= TRY IT =
The listing below holds pictures; exclude them. Return exactly the lines from the one with "Obraz na płótnie" through the one with "Huge large mega".

= DATA EXTRACT =
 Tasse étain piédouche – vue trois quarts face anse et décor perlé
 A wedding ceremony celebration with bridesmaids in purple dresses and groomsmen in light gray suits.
---
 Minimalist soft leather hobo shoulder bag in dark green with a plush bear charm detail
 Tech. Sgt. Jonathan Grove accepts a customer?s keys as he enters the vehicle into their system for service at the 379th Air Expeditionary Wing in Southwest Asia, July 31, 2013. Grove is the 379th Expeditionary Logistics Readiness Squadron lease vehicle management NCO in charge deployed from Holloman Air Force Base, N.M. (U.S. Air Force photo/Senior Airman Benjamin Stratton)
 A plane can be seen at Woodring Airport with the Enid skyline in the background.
--
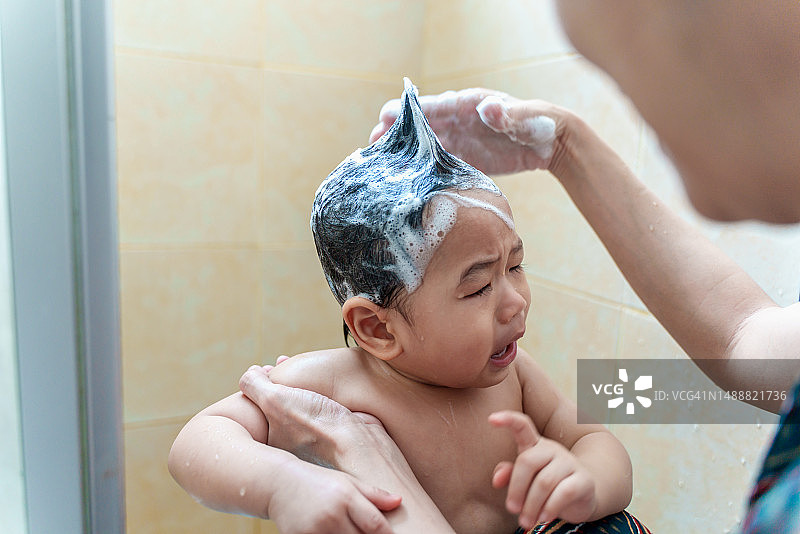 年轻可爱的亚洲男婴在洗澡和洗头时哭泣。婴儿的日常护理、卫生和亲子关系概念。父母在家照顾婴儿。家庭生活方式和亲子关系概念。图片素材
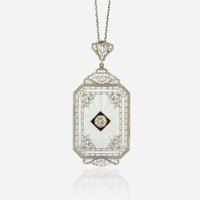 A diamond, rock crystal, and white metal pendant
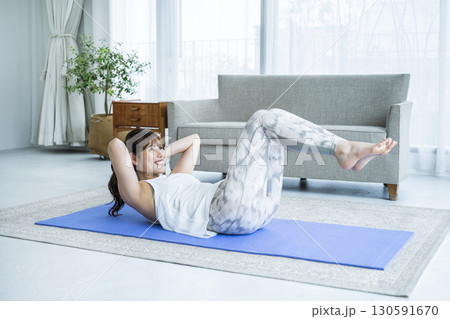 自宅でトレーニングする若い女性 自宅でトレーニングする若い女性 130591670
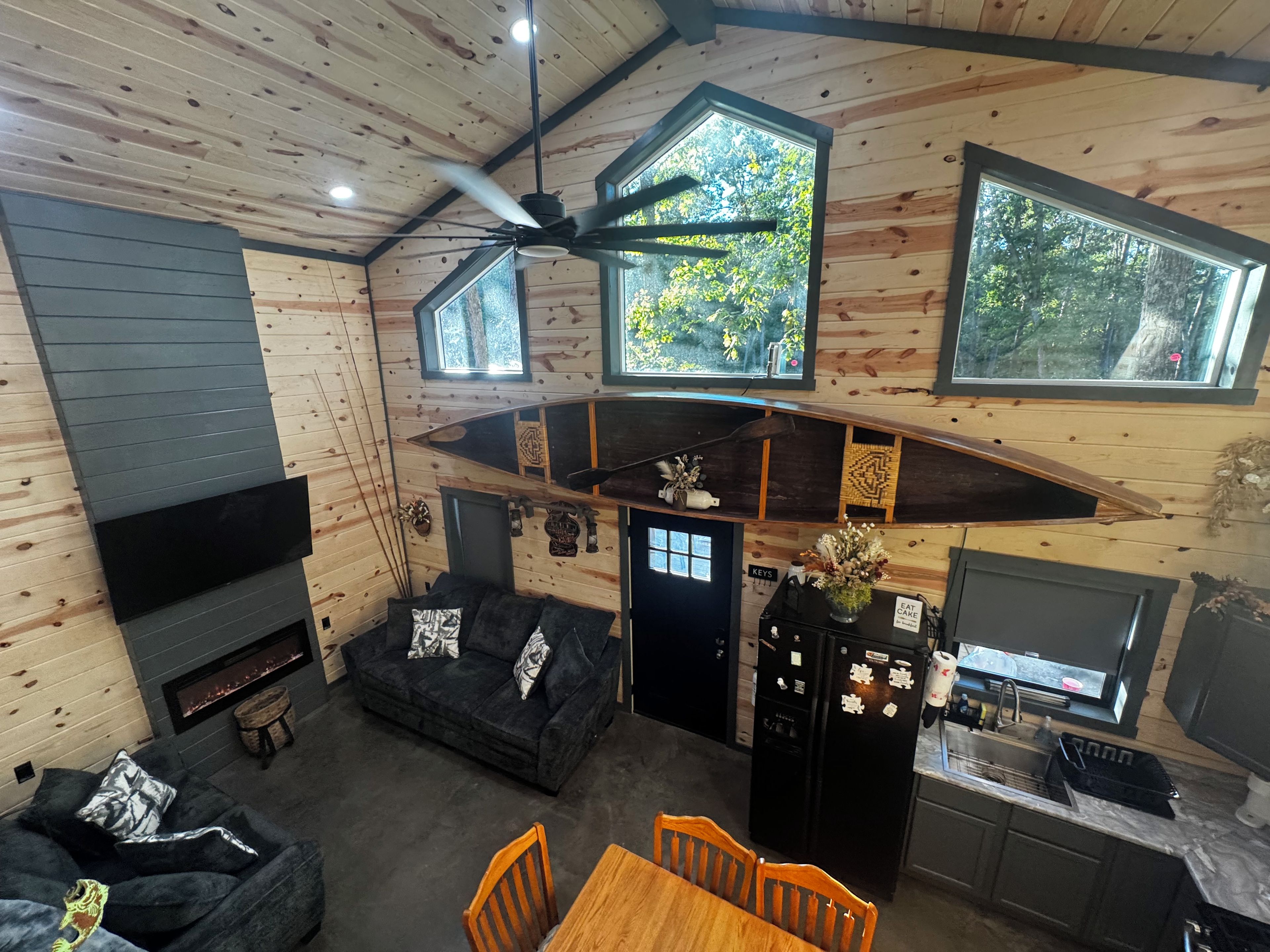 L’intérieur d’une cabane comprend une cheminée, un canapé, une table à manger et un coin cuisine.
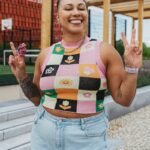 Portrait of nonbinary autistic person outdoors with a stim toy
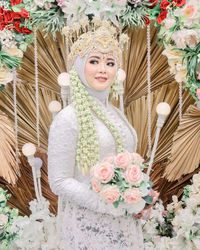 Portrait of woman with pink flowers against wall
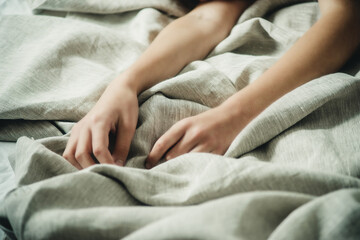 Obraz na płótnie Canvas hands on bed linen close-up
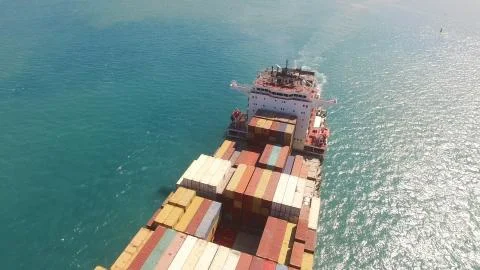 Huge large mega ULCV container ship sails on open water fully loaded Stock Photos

= REPLY =
 Obraz na płótnie Canvas hands on bed linen close-up
 Huge large mega ULCV container ship sails on open water fully loaded Stock Photos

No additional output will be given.